One thing I am curious about: it’s possible that turning off suffix sharing (a separate change: #12722) sidesteps this bug and maybe that’s why we are not seeing it with newly created (9.9.0) indices? We could test this by backporting #12722 to 9.8.x SNAPSHOT build and re-build the wikibigall and see if the corruption still happens. I’m not saying this is a workaround or anything but it’d make me more comfortable if we could understand why 9.9.0 written indices are not corrupt. Alternatively, we could revert #12722 in 9.9.x, rebuild wikibigall, and see if the bug then happens? I won’t be able to try this likely for a day or two so if someone who can repro the bug could test this that would be awesome 😃. Thanks!

and so sorry for introducing this bug!

I am with @mikemccand on this @gf2121!

The optimization proved valuable in benchmarks and all testing indicated it was good to go. Mistakes happen. I think the bigger thing is that our testing around this part of the code is lacking!

It’s awesome to see that a solution was found so quickly!

OK I opened #12901 to create a test – can we do that, first, and then confirm #12900 indeed fixes it, then push the test, then push the fix? I can try to work on creating that test case, but won’t have much time until early tomorrow AM. If anyone else wants to crack it, feel free!

Git bisect has confirmed the read corruption occurs with: https://github.com/apache/lucene/pull/12699

OK I think I understand why we see the bug on 9.8.x indices but NOT 9.9.x. indices. And I’m quite sure blast radius of the bug is contained solely to read-time, i.e. newly written 9.9.0 indices are not corrupt. Though I’d really love to see some stronger testing – I’m hoping a randomly written large enough index might reveal the bug. I’ll open a spinoff issue so we can create that.

Details:

We write FST with <term-prefix,byte[]> pairs, where term-prefix is the prefix of a set of terms sharing one on-disk block. E.g. foo is prefix, and the N terms would be foobar, foobaz, … The start of that byte[] is a vLong, which is the absolute file pointer of the on-disk block shifted up by 2 bits, and 2 lower bits are two important flags: OUTPUT_FLAG_IS_FLOOR and OUTPUT_FLAG_HAS_TERMS.

Now, with 9.8.x, this is LSB encoded: those two flags are in the leading byte, not the last byte. FST will share output byte prefixes when it can, and it does in fact happen (rarely!) that the LSB (6 bits + 2 bit flags) is the same across N term blocks. It can happen if the last 6 bits of their block file pointers happen to be the same. In this case that leading byte (or possibly, even more rarely, bytes) are not all on the last arc, and this PR loses that leading flag-containing byte/bytes in that case, and computes the wrong flag value for OUTPUT_FLAG_IS_FLOOR, then tries to readVInt when non was written --> exceptions at read time.

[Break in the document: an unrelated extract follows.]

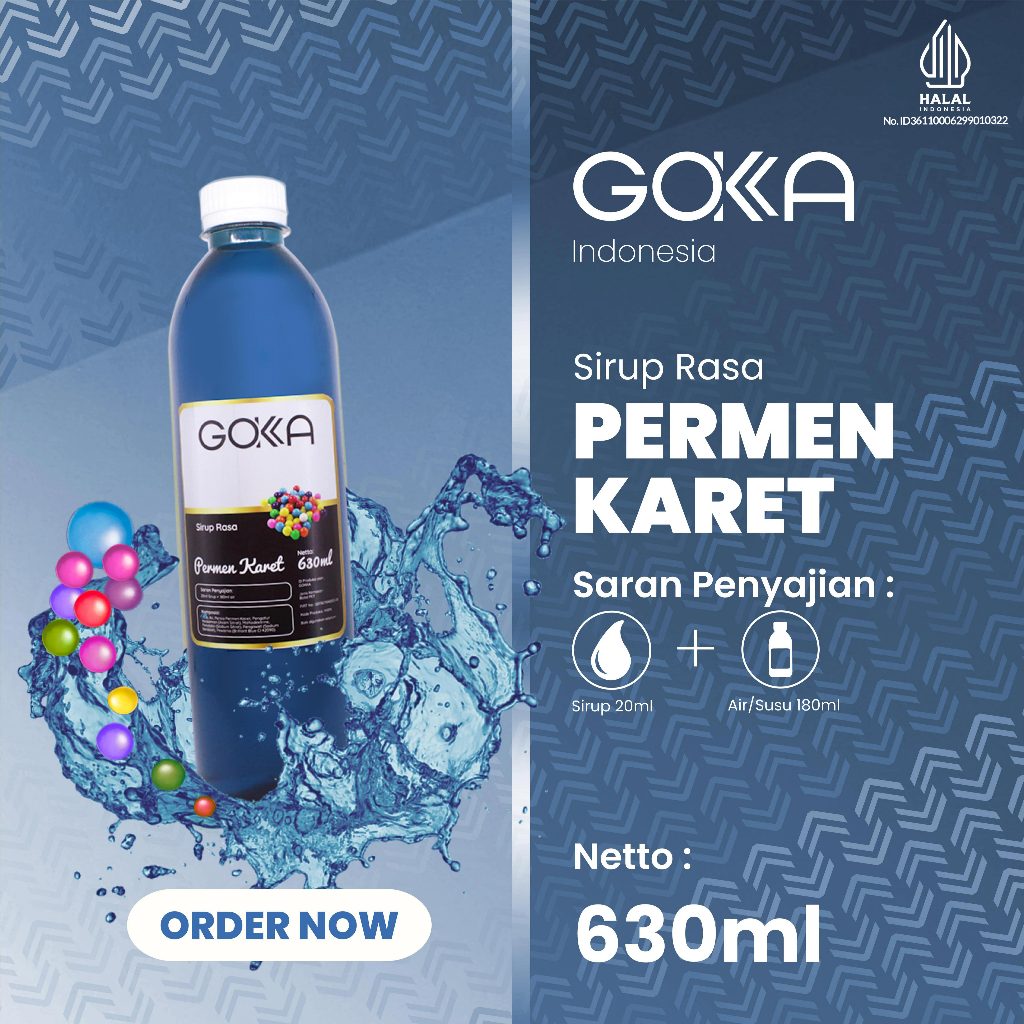 

Minuman Sirup Gokka Rasa Permen Karet / Gokka Bubble Gum Syrup 630ml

@gf2121 indeed the leading fp + 2-bit flags will never be the same across blocks, so this means even if FST is able to share leading prefix byte or two, it will never share that entire vLong: there must be at least one final (different) byte for readVLong to read. And because vLong is self-delineating (each byte knows whether it is the last one by checking 8th bit is clear) losing a byte or two of its leading bytes won’t break reading of the vLong, i.e., readVLong will indeed stop at the right byte (but of course produce the wrong value).

Importantly, IntersectTermsEnum does not use this encoded file pointer in the floorData! It gets the file-pointer by traversing prior arcs in the FST and accumulating N incremental diffs contained in the on-disk block entries leading to that final floor block. So IntersectTermsEnum just needs these two big flags.

In the 9.9.x written index, where we instead encode that leading long fp + 2 bits in MSB order, we share tons of prefixes of course (this is why FST got so much smaller), but, we will never share the entire thing, and that last byte contains our bit flags. So at read-time we will always have the right (flag containing) byte. The 9.9.x index is intact, and reading it is buggy yet buggy in a harmless way (throwing away bytes it does not try to use), and also because of how vLong is self delineating. Fun!

I think if a fix for this isn’t found early next week, we should consider reverting it.

No user should upgrade to Lucene 9.9.0 with this bug.